For me, New Year’s Day is becoming a way of life. A few years ago, what little enthusiasm I had to celebrate a different holiday each month completely dissolved, like tattered old crepe paper streamers. I stopped celebrating all but one—New Year’s Day. I relish this holiday because it helps me to continually look forward, embrace how I’ve changed, and of course, enjoy food, drink and dancing with friends and family. I can relax and enjoy New Year’s Day, because I’m not expected to buy armfuls of gifts [1] or to wear a particular color [2] all day.

This year, though, I’m falling back into the monthly routine. In my own version of Groundhog Day [3], I can’t stop welcoming the New Year in 2006: champagne in January, dragon floats in February [4], and for the first time ever, jumping over open flames in March, with spring just one week away.

On Tuesday, I joined friends at a Berkeley, California street fair for Chaharshanbeh Soori, a party held the week leading up to Norooz, or Persian New Year, on March 20. We lined up on Durant Avenue near the city’s Persian Center, as hundreds do every year [5], for our turn to leap over three small fires while saying the cleansing phrase, “Zardi e man az toh, Sorkhi e toh az man”—“My yellowness onto you, your redness onto me.” We exchanged colors with the flames, symbolically giving away our dullness, poor health, bad luck and worries from the past year, and welcoming brightness, vigor, and good fortune for the new one.
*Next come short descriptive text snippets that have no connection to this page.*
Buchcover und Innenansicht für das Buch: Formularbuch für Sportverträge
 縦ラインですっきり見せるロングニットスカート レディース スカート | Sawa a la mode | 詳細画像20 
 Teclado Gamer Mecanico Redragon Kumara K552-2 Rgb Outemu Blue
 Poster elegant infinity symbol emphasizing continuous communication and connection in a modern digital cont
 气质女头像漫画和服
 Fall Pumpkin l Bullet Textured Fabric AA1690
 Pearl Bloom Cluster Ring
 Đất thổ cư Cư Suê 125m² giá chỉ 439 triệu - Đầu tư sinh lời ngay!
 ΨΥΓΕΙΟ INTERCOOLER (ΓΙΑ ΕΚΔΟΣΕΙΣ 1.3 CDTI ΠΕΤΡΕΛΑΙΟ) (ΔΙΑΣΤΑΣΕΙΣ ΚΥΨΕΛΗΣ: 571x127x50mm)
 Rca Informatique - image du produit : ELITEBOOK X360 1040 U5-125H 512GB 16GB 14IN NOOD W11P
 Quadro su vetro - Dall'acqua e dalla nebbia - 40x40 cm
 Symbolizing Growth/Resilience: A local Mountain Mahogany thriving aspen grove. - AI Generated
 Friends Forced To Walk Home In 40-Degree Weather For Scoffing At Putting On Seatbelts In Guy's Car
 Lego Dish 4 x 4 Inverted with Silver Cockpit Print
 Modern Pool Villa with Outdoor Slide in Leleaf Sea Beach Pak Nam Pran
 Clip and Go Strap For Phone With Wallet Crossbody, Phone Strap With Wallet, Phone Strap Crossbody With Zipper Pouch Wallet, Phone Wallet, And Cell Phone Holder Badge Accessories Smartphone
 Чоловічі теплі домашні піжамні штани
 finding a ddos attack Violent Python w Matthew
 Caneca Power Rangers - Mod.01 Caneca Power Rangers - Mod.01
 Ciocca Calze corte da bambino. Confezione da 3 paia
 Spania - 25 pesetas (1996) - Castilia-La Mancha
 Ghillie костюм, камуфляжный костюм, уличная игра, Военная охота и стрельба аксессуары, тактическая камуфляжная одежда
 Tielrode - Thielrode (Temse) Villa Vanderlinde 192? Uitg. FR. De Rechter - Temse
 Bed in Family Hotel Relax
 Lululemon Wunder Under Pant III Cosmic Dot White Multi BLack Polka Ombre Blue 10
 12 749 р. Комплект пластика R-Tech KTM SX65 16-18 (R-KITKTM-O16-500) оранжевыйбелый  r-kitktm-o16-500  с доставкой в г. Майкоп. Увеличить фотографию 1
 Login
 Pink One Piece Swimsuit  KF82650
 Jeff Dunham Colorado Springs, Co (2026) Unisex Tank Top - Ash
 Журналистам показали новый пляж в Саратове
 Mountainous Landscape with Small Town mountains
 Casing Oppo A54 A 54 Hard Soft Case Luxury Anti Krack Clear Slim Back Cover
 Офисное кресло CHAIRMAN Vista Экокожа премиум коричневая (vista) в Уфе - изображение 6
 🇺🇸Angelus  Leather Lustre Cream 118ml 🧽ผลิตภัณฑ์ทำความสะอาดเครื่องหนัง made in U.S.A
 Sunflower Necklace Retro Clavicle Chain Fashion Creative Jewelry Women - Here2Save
Fire-leapers were young, old, parents holding babies, and one woman whose flared-leg pants were stylish, if seemingly hazardous. (Medical professionals nearby were happily not called to duty.)

The Persian fire-jumping tradition has roots in ancient Zoroastrian culture, and predates Islam in Iran; the holiday is celebrated today by people of various ethnicities and religions. Bonfires are traditionally set in the streets or in families’ backyards (the latter being less common in the U.S., given unwitting neighbors’ tendency to call fire trucks). Holiday fare includes Ash-e Resteh-e Nazri, a noodle soup, symbolizing the untangling of new paths the New Year might take, and Ajeel-e Moshgel Goshah, the "unraveler of difficulties," made with seven dried fruits and various nuts.

Next year, if it’s not raining, I hope to leap over the Chaharshanbeh Soori bonfires on Ocean Beach, on San Francisco’s Pacific side. Until then, I’ve got nine more months of New Years to go. After all, if a resolution is worth making, I hope I’m tending to it year-round.